To boost retirement savings, many countries mandate worker contributions to pension accounts. This paper investigates saving responses to such mandates throughout the entire portfolio, leveraging detailed administrative tax data from Switzerland and a regression discontinuity design. I find that mandatory pension plans have no effect on total savings, with an estimated crowd-out rate of 93%. Decomposing the saving response, I show that workers offset mandatory pension contributions almost one-for-one by reducing private non-retirement savings, primarily in financial assets. Liquidity-constrained workers are less able to decrease their private savings in response to mandatory contributions, implying that the mandate raises their total savings.
Supersedes “Behavioral Responses to a Pension Savings Mandate: Quasi-experimental Evidence from Swiss Tax Data”
News: Accepted for presentation at the NBER Summer Institute
The UK’s Global Economic Elite: A Sociological Analysis Using Tax Data
with Arun Advani, Mike Savage & Andy Summers, CAGE Working Paper 570, 2022.

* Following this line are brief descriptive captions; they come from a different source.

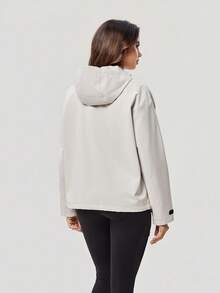 OutZeal Women Sports Jacket Hiking Camping Water-Resistant Hooded Front Half-Zip Active Top - Apricot - View 9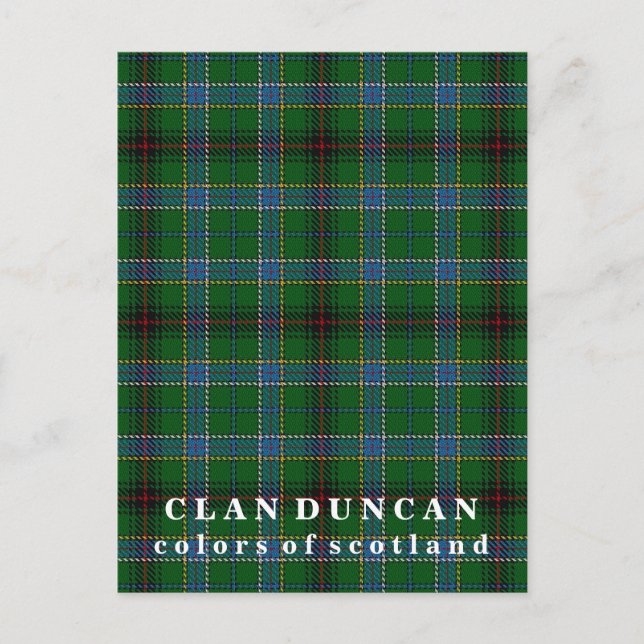 Postal Colores de Escocia Clan Duncan Tartán (Anverso)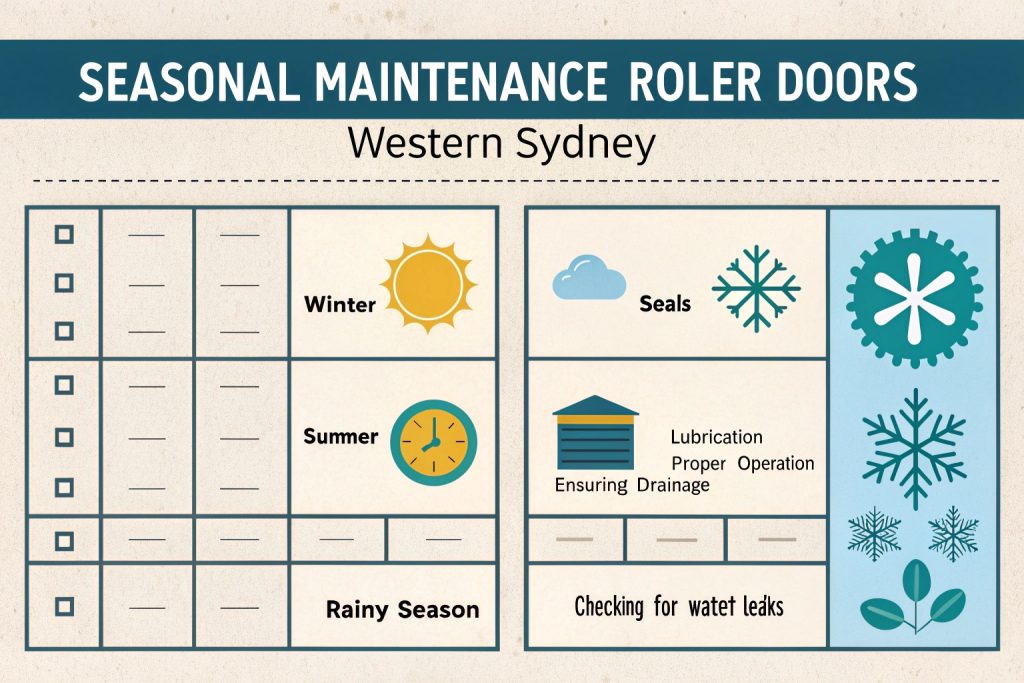Seasonal roller door maintenance calendar customised for Western Sydney's climate conditions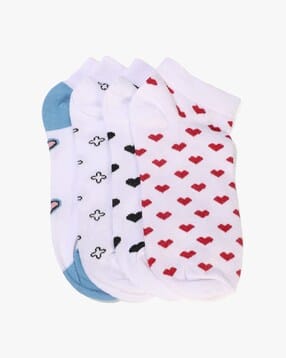 yousta Women Pack of 4 Printed Ankle-Length Socks-picture-30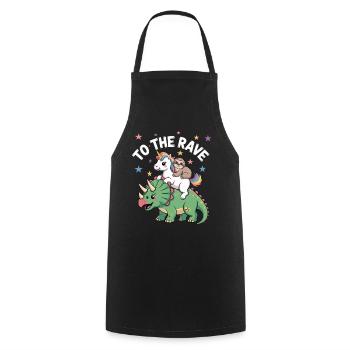 To The Rave EDM Unicorn Sloth Riding Dinosaur - Cooking Apron - black - Front - AI Model Male 185 dark (185cm)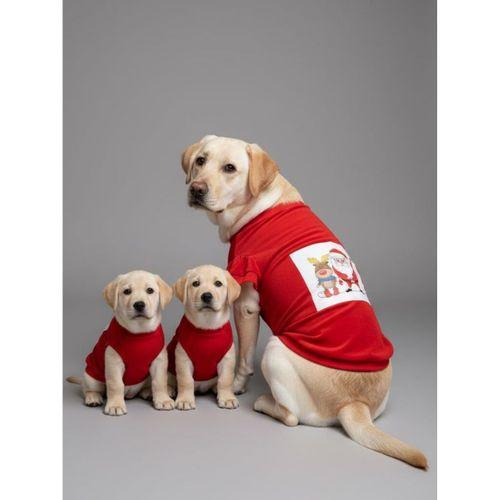 Santa and Friend Rudolph Orta ve Büyük Irk Köpek Tişörtü Yılbaşı Noel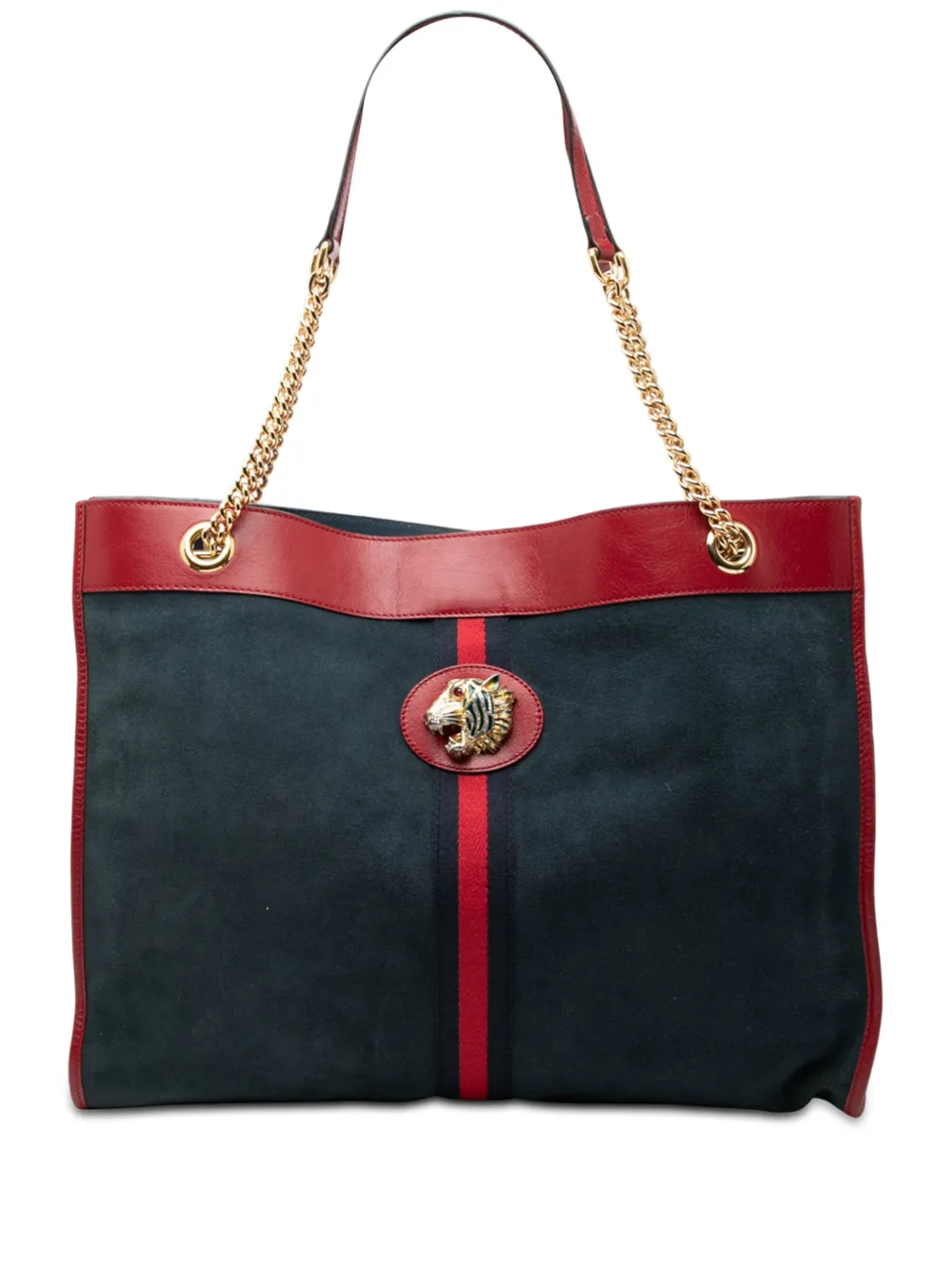 Gucci Pre-Owned 2000-2015 Large Web Suede Rajah tote bag - Blu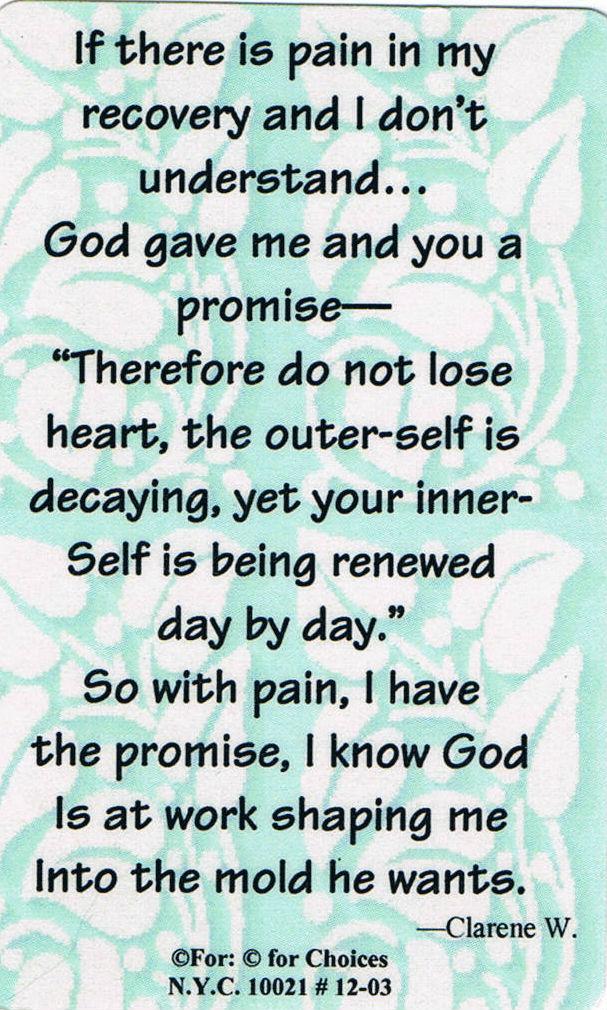 Wallet card: Pain In Recovery - Premium Gifts from Love Unlimited - Just $1.25! Shop now at Choices Books & Gifts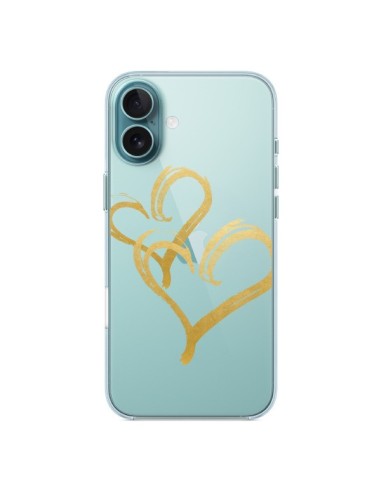 Coque iPhone 16 Plus Deux Coeurs Love Amour Transparente - Sylvia Cook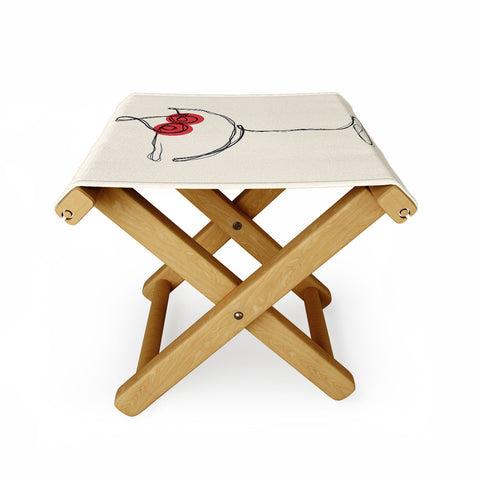 thespacehouse Minimalist Cherry Cosmo Folding Stool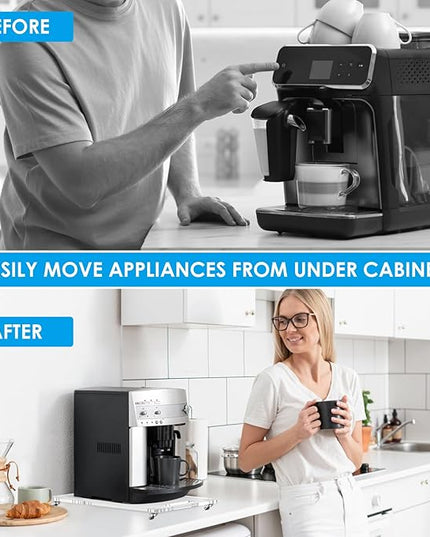 360° Rolling Sliding Tray for Coffee Maker & Kitchen Appliances, 9.8" x 14" Acrylic Appliance Sliders with Silent Rubber Wheels, Coffee Maker Slider Tray for Countertop Moving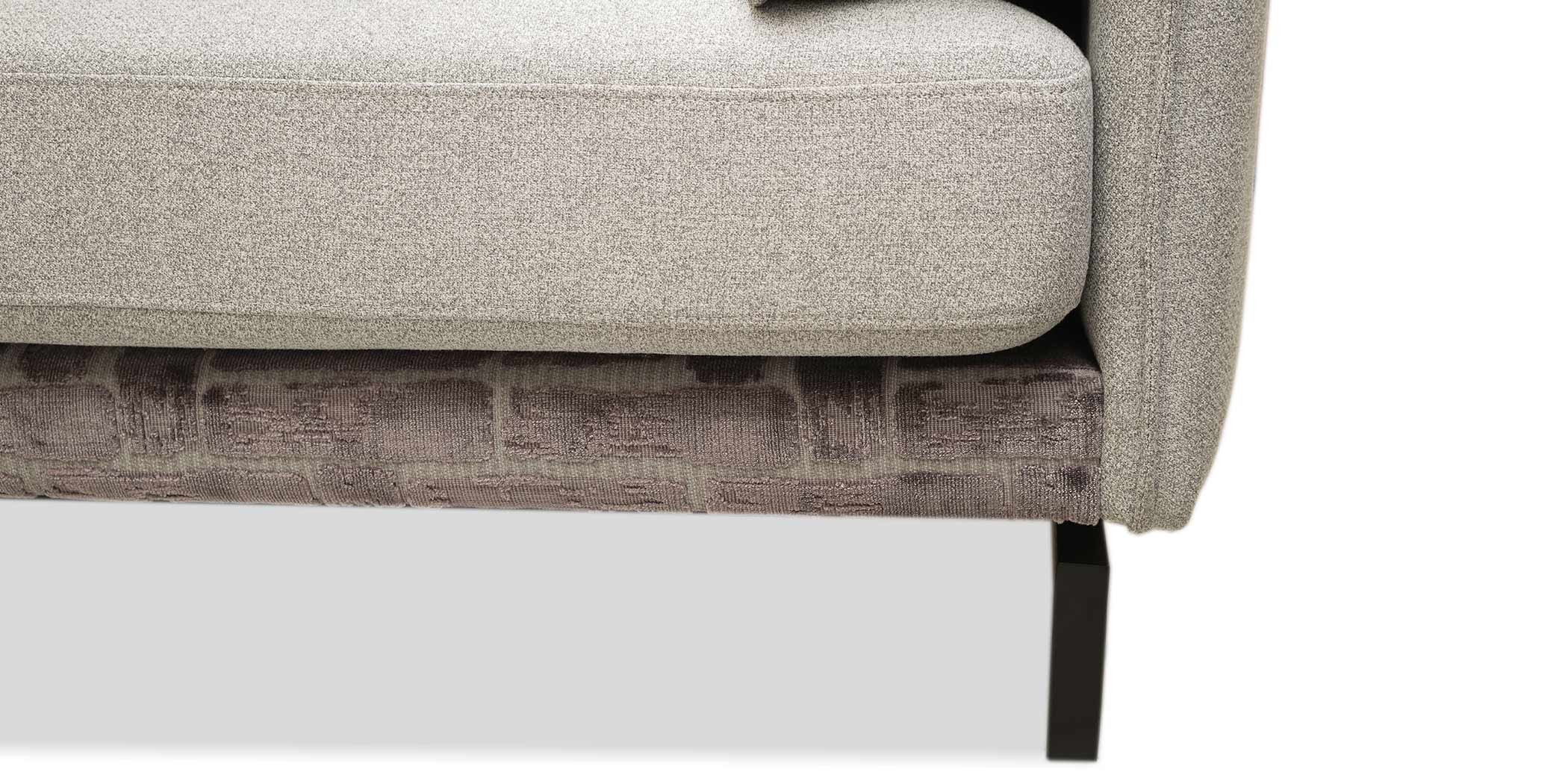 Amethyst Sofa 3+2 in Grey Col With Purple Pattern Fab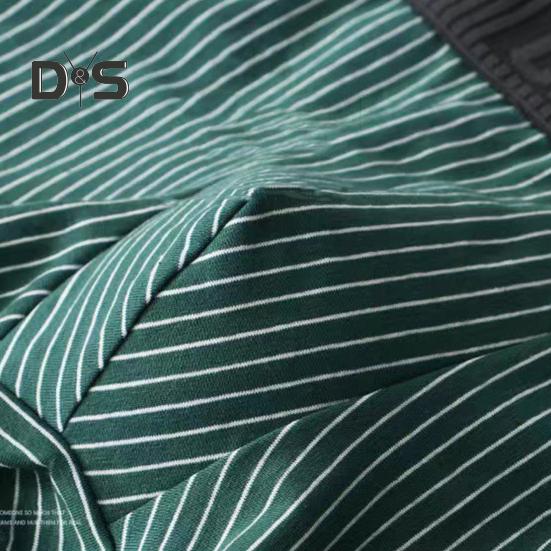 Men Boxer Underwear Mid-rise Striped Print Patchwork Color Thin Shorts Briefs Quick Drying U-convex Panties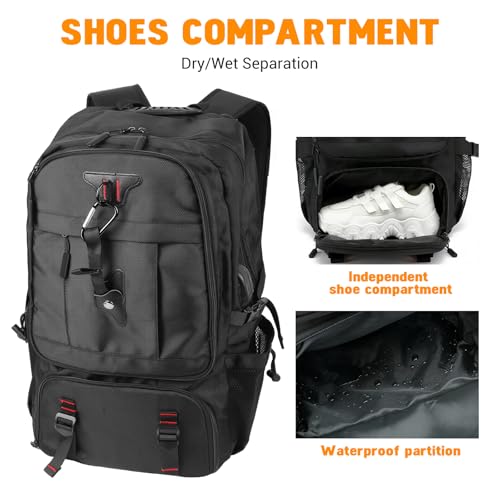 Image of ZORBES Large Laptop Backpack with Shoe Compartment, 80L Oxford Cloth Suitcase Waterproof Rucksack 17 Inch, Travel Outdoor Hiking School Gym Work College Bags for Men Women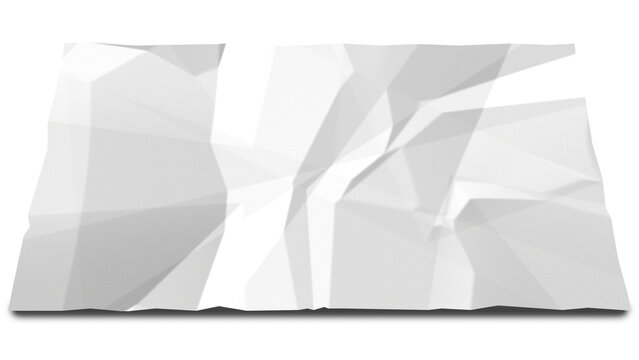 Crumpled paper texture, crumpled sheet of white paper with realistic folds creases and shadows lying flat. Ideal for use as a background for presentations, websites, mobile apps, product mockups.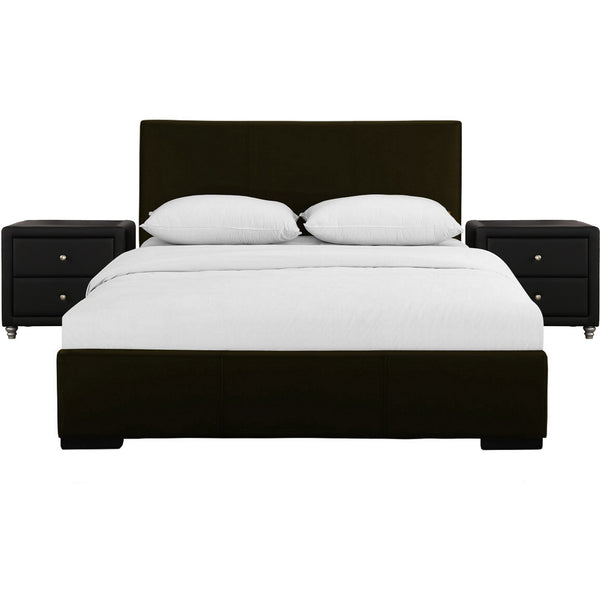 Brown Upholstered Platform Queen Bed with Two Nightstands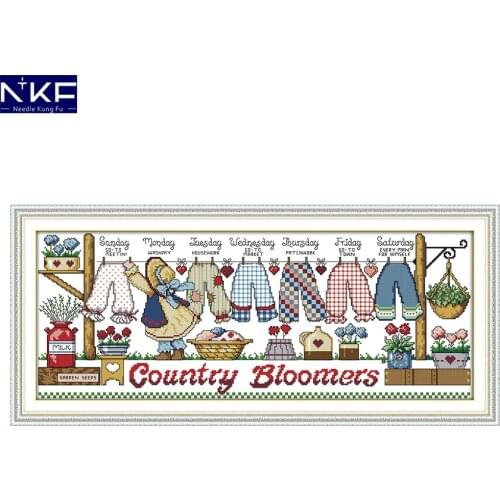 NKF Drying The Clothes Stamped Cross Stitch Pattern 11CT 14CT DIY Needlework Embroidery Chinese Cross Stitch Set for Home Decor
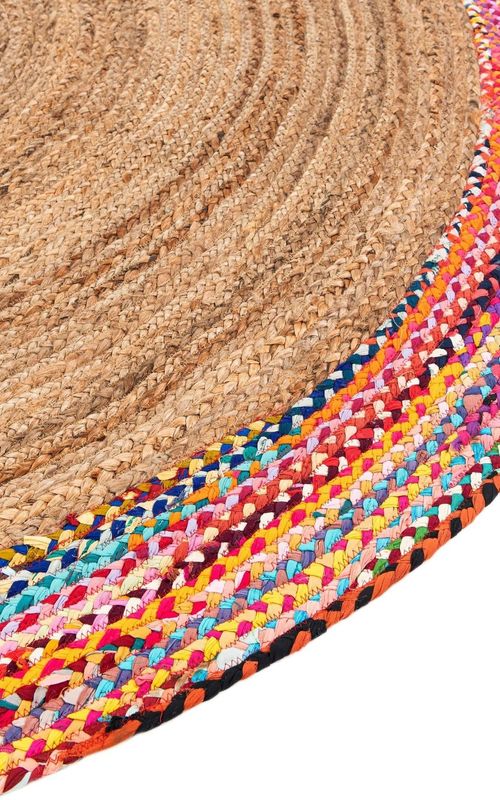 Natural Jute Round Rug with Colorful Cotton Border | Handcrafted Boho Area Rug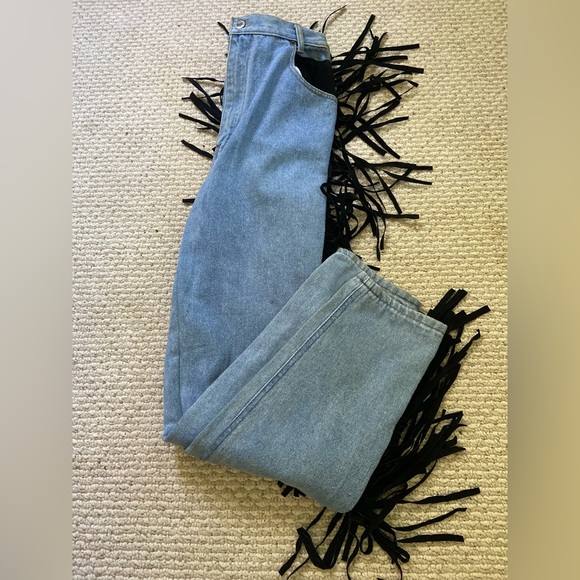 Seruchi Vintage High Waist Denim Jeans with Suede Fringe size 0 - Picture 7 of 10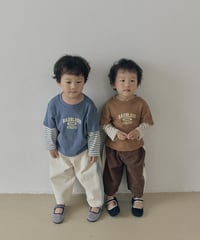 予約 The beige Layered sleeve tee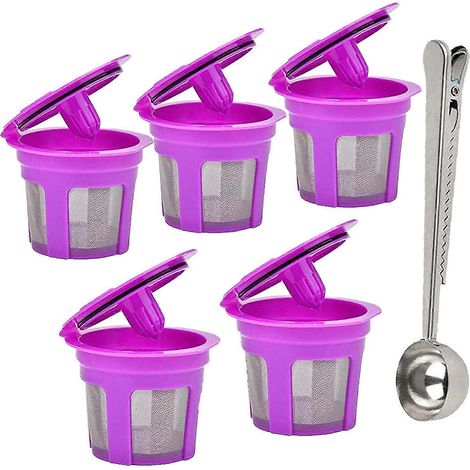 6-teiliges K-Clip-Becher- und Löffel-Set, nachfüllbare Kaffeefilter für wiederverwendbare Universal-Kaffeepads (1/5)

We show the importance of international ties amongst the UK’s global economic elite, by exploiting administrative data derived from tax records. We show how this data can be used to shed light on the kind of transnational dynamics which have long been hypothesised to be of major significance in the UK, but which have previously proved intractable to systematic study. Our work reveals the enduring and distinctive influence of long-term imperial forces, especially to the former ‘white settler’ ex-dominions which have been called the ‘anglosphere’. These are allied to more recent currents associated with European integration and the rise of Asian economic power. Here there are especially strong ties to the ‘old EU-6’ nations of France, Germany, Netherlands, Belgium, Luxembourg, and Italy. The incredible detail and universal coverage of our data means that we can study those at the very top with a level of granularity that would be impossible using traditional survey sources. We find compelling support for the public perception that non-doms are disproportionately highly affluent individuals who can be viewed as a part of a global elite. However, whilst there is some evidence for the stereotype of the global wealthy parking themselves in the UK, this underplays the significance of the working rich. Our analysis also reveals the remarkable concentration of non-doms in central areas of London.
Other materials: policy brief, video explainer, data for the charts
Media coverage: BBC, BBC Newsnight, Bloomberg, Channel 4, Daily Mail, Economist, Everyday Society, Financial Times (1), Financial Times (2), Guardian (1), Guardian (2), Guardian (3), Independent, Indian Express, Mirror, New Statesman, Resolution Foundation, Reuters, Sydney Morning Herald, The Times (1), The Times (2), Washington Post, Les Echos, Frankfurter Allgemeine Zeitung
The Costs of Administering a Wealth Tax
Fiscal Studies, 42 (3-4), 677–697, 2021.
I assess the costs of administering a wealth tax for taxpayers and the tax authority in the UK context, based on evidence from existing UK taxes on wealth and comprehensive wealth taxes that have been imposed in other countries. My central estimate is that a well-designed wealth tax generates costs to taxpayers of 0.1 per cent of taxable wealth and costs to the tax authority of 0.05 per cent of taxable wealth. I discuss how these costs depend on design choices. My findings can inform revenue modelling and help to evaluate the desirability of wealth taxes.